__What this task involves__:
For each entry, return the text exactly and omit any image.
:::
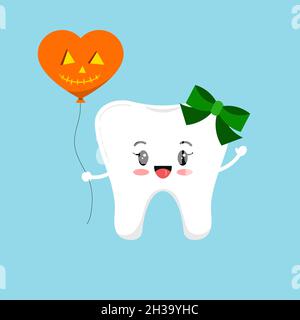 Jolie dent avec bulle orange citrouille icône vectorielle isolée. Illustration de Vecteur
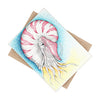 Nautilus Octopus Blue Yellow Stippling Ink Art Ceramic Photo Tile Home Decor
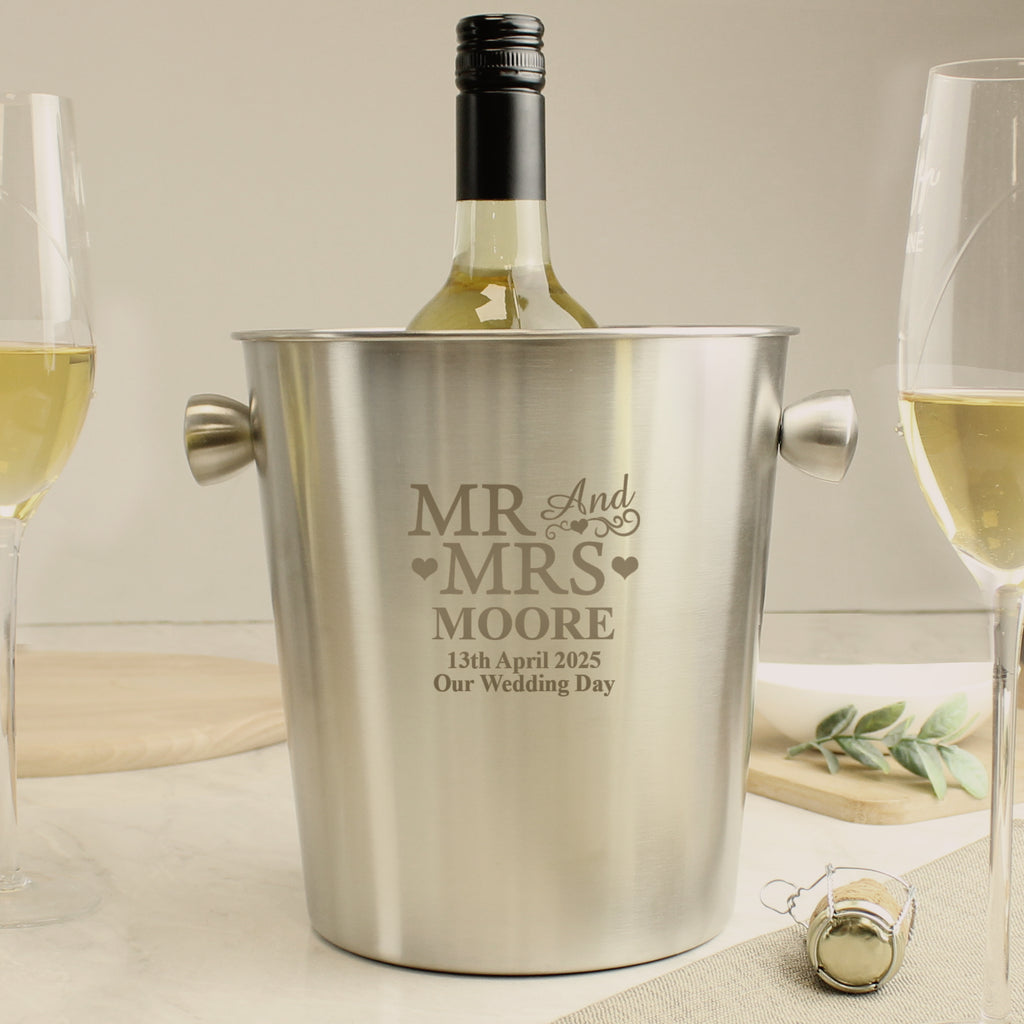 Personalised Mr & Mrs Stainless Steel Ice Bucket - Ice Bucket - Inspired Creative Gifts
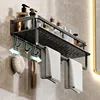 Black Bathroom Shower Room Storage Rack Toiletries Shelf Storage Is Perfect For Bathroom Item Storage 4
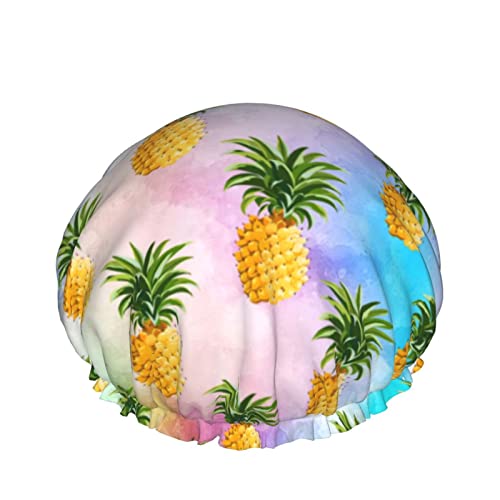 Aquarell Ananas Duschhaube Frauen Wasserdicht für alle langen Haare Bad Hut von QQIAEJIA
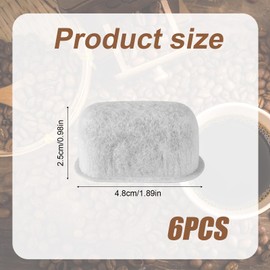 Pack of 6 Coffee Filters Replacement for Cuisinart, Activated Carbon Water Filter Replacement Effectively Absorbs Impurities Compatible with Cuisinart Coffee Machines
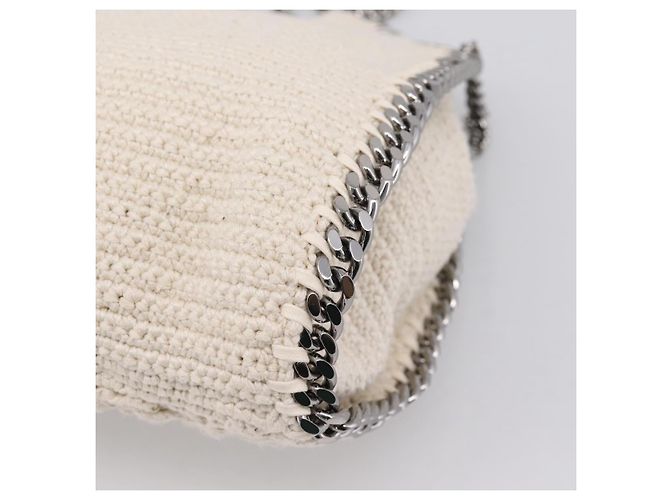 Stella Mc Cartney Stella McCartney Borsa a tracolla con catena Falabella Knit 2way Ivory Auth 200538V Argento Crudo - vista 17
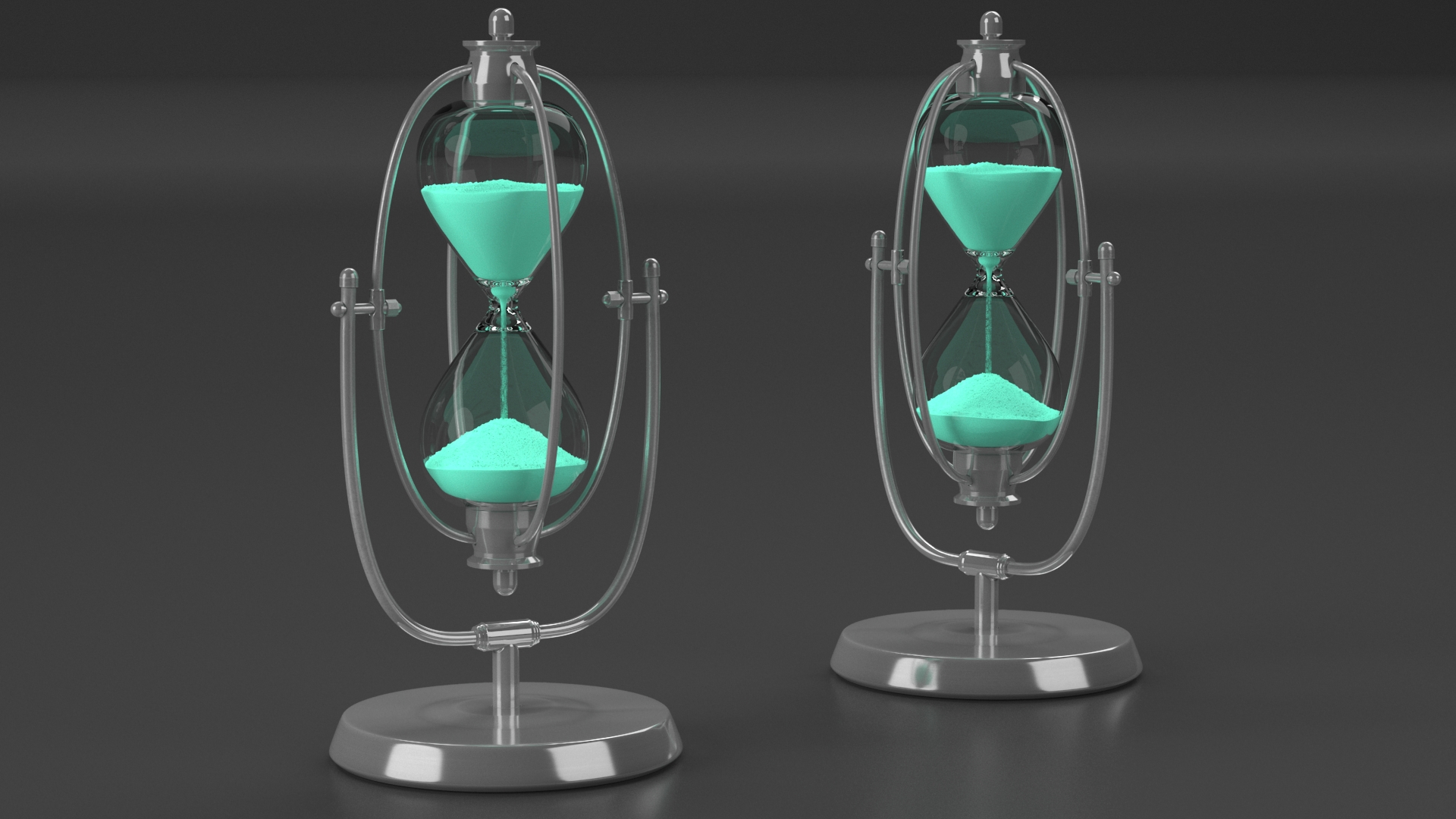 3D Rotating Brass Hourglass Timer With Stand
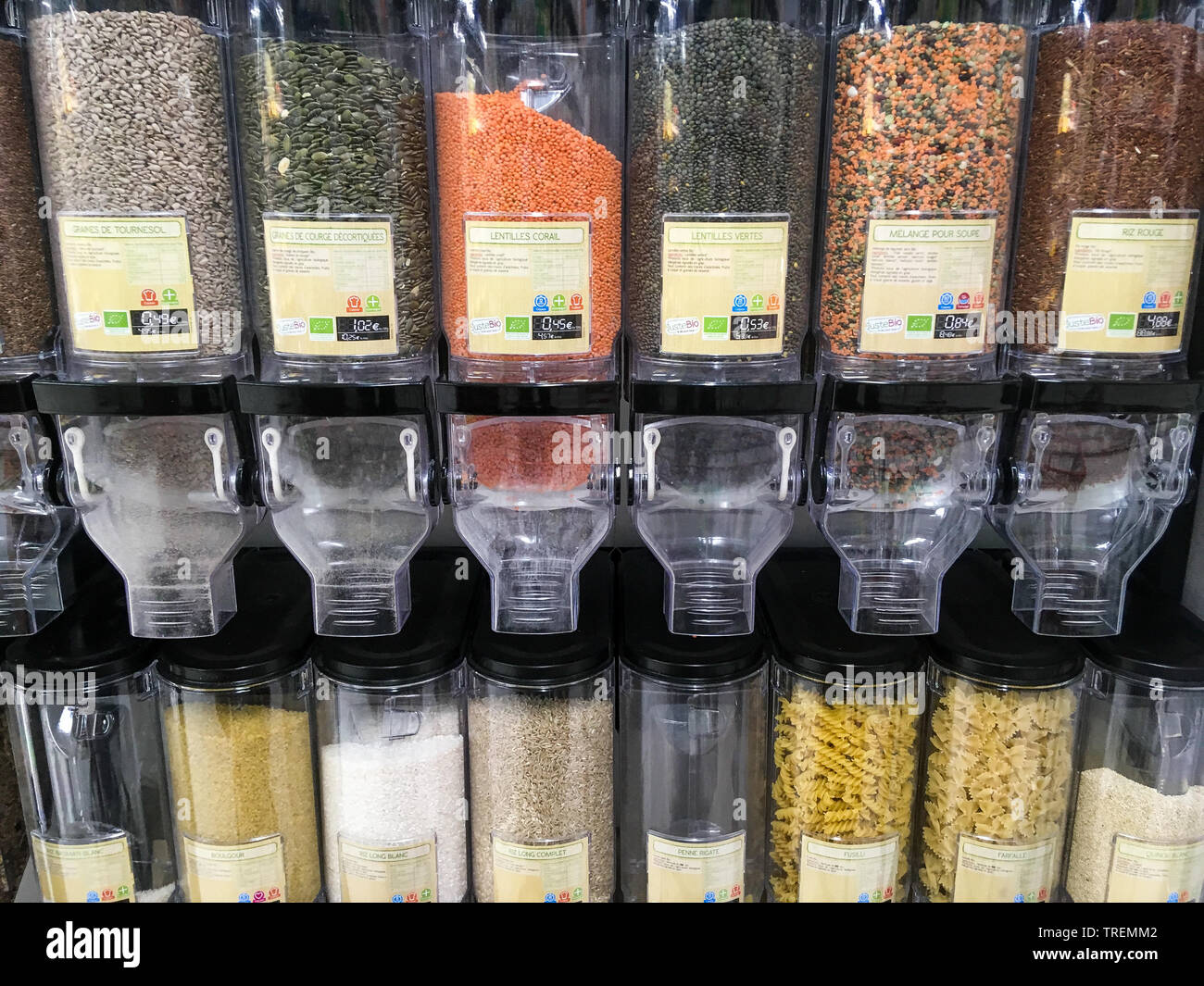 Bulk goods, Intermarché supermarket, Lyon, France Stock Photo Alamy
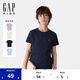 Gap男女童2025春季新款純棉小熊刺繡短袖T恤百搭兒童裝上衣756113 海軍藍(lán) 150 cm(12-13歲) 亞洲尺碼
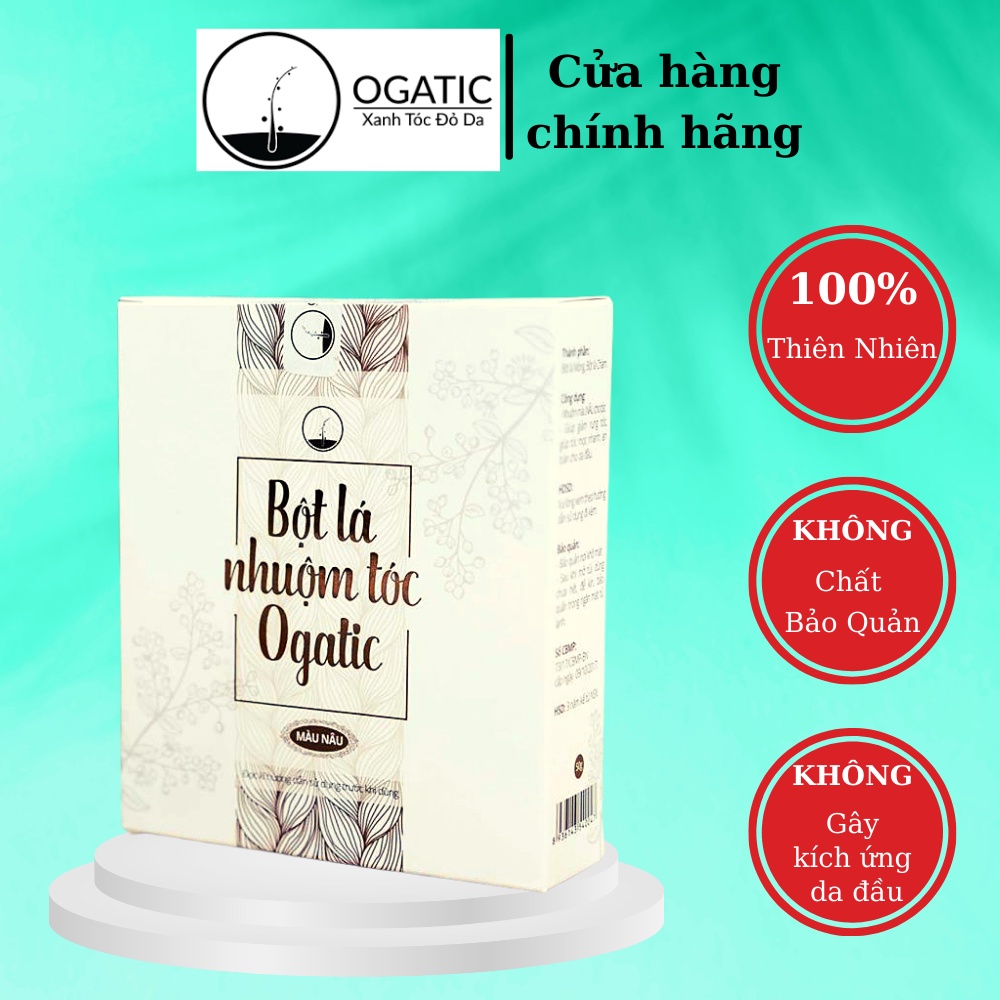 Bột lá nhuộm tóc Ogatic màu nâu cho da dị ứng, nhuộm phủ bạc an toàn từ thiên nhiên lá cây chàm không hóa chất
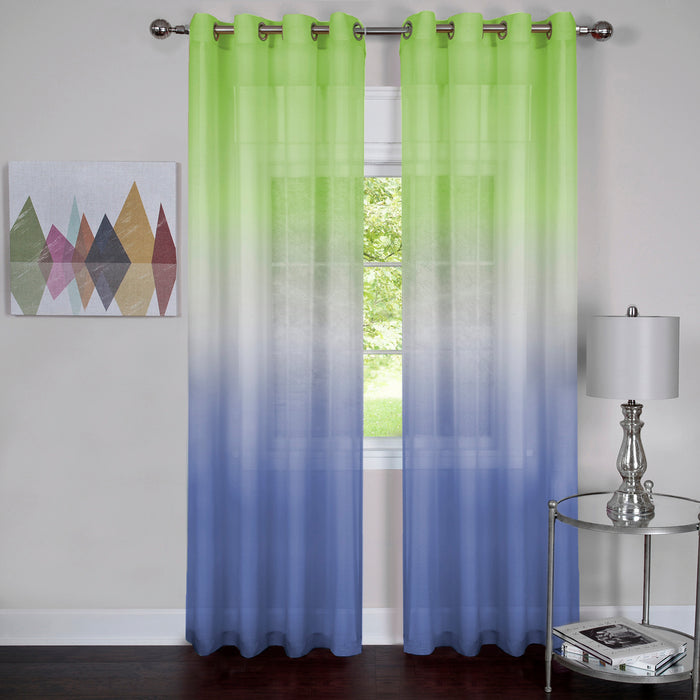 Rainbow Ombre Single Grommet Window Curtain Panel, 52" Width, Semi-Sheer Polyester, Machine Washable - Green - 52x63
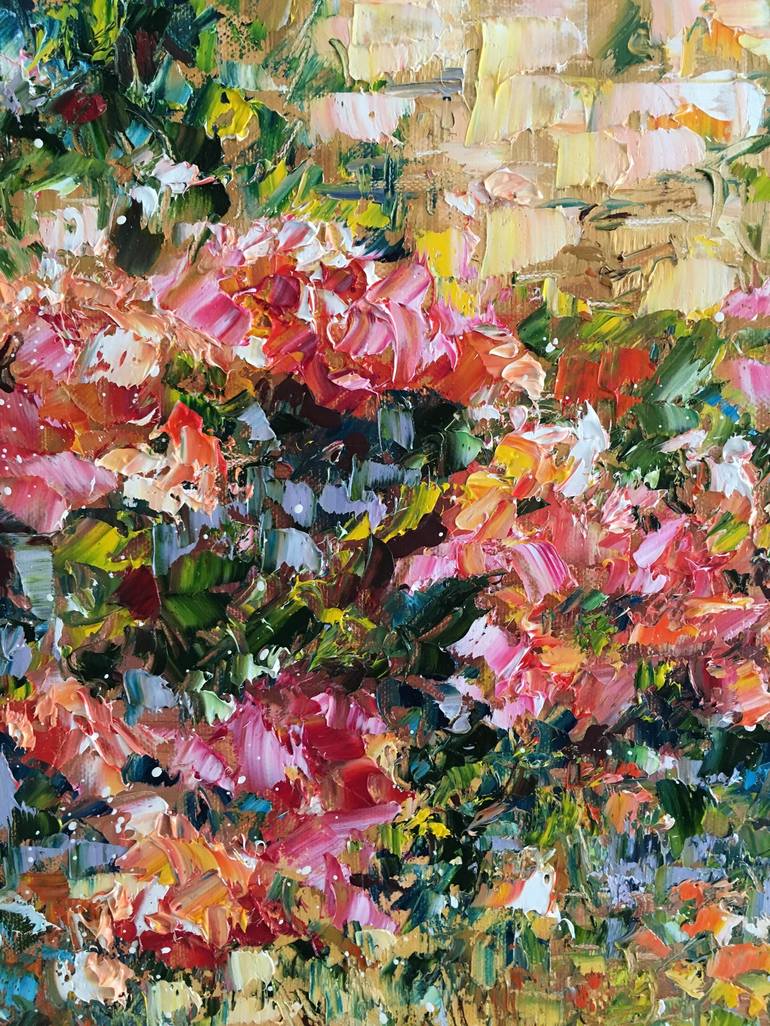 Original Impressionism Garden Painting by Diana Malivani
:::
__Finished task__:
 Jolie dent avec bulle orange citrouille icône vectorielle isolée. Illustration de Vecteur
 Nautilus Octopus Blue Yellow Stippling Ink Art Ceramic Photo Tile Home Decor
 Personalised Mr & Mrs Stainless Steel Ice Bucket - Ice Bucket - Inspired Creative Gifts
 Black Bathroom Shower Room Storage Rack Toiletries Shelf Storage Is Perfect For Bathroom Item Storage 4
 Aquarell Ananas Duschhaube Frauen Wasserdicht für alle langen Haare Bad Hut von QQIAEJIA
 Pack of 6 Coffee Filters Replacement for Cuisinart, Activated Carbon Water Filter Replacement Effectively Absorbs Impurities Compatible with Cuisinart Coffee Machines
 Stella Mc Cartney Stella McCartney Borsa a tracolla con catena Falabella Knit 2way Ivory Auth 200538V Argento Crudo - vista 17
 3D Rotating Brass Hourglass Timer With Stand
 Bulk goods, Intermarché supermarket, Lyon, France Stock Photo Alamy
 Gap男女童2025春季新款純棉小熊刺繡短袖T恤百搭兒童裝上衣756113 海軍藍(lán) 150 cm(12-13歲) 亞洲尺碼
 Bột lá nhuộm tóc Ogatic màu nâu cho da dị ứng, nhuộm phủ bạc an toàn từ thiên nhiên lá cây chàm không hóa chất
 Rainbow Ombre Single Grommet Window Curtain Panel, 52" Width, Semi-Sheer Polyester, Machine Washable - Green - 52x63
 Original Impressionism Garden Painting by Diana Malivani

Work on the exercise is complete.